Fantastic, very well done. 
Where next?


----------



## Greys (Jun 29, 2021)

Lisa66 said:


> Fantastic, very well done.
> Where next?


Blencathra is next on the list


----------



## Contused (Jun 29, 2021)

Greys said:


> Blencathra is next on the list


I climbed Blencathra via Sharp Edge over 60 years ago with a small party of friends from school, led by our Geography teacher.
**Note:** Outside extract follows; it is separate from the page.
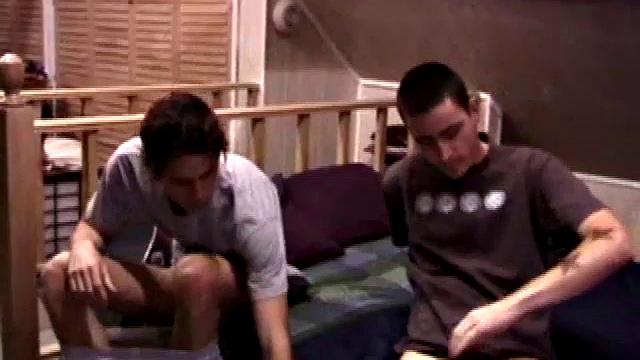 Amateurs Jayden and Jack Off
It was a brilliant day out with some fabulous views when the clouds permitted. I wish you every success.


----------



## Greys (Jul 1, 2021)

Contused said:


> I climbed Blencathra via Sharp Edge over 60 years ago with a small party of friends from school, led by our Geography teacher.
> 
> 
> 
> ...


I've completed it! Went up Hall's Fell Ridge instead of Sharp Edge as found out this was a more scenic route and it didn't fail to disappoint and was very impressive.  Had a look at sharp edge . Don't think they'd allow any school trips up that way in this day and age. Having kids myself I wouldn't allow it lol, it looked scary.


----------



## SB2015 (Jul 1, 2021)

Well done @Greys 

Lovely to hear of your achievements, and good for others diagnosed with T1 that it doesn’t need to stop you doing things.  As you say it just requires a few more tests and some cheeky snacks along the way.  They always feel like bonus having some ’free’ carbs. 

what next?


----------



## Greys (Jul 1, 2021)

SB2015 said:


> Well done @Greys
> 
> Lovely to hear of your achievements, and good for others diagnosed with T1 that it doesn’t need to stop you doing things.  As you say it just requires a few more tests and some cheeky snacks along the way.  They always feel like bonus having some ’free’ carbs.
> 
> With the libre that I've had since Oct, activities like this have been so much easier. I can test and snack accordingly along the way. Previously I would have just went on how I felt and if I felt low I would have stopped, tested and snacked. Now I just blip and if I see a downwards arrow I have a snack to prevent hypos. Unfortunately, my time in the lakes come to an end tomorrow, but I have climbed, Sheffield Pike, St Sunday Crag, Latrigg, Helvellyn, Place Fell and Blencathra, not bad in a week ☺️


----------



## Greys (Jul 1, 2021)

Next week I'll be back to my Max 30 workouts and 3 mile runs in my lunch hour. Nothing compares to the Lakes, a wonderful place to visit and explore, I'll miss it.


----------



## Contused (Jul 2, 2021)

Greys said:


> I've completed it! Went up Hall's Fell Ridge instead of Sharp Edge as found out this was a more scenic route and it didn't fail to disappoint and was very impressive.  Had a look at sharp edge . Don't think they'd allow any school trips up that way in this day and age. Having kids myself I wouldn't allow it lol, it looked scary.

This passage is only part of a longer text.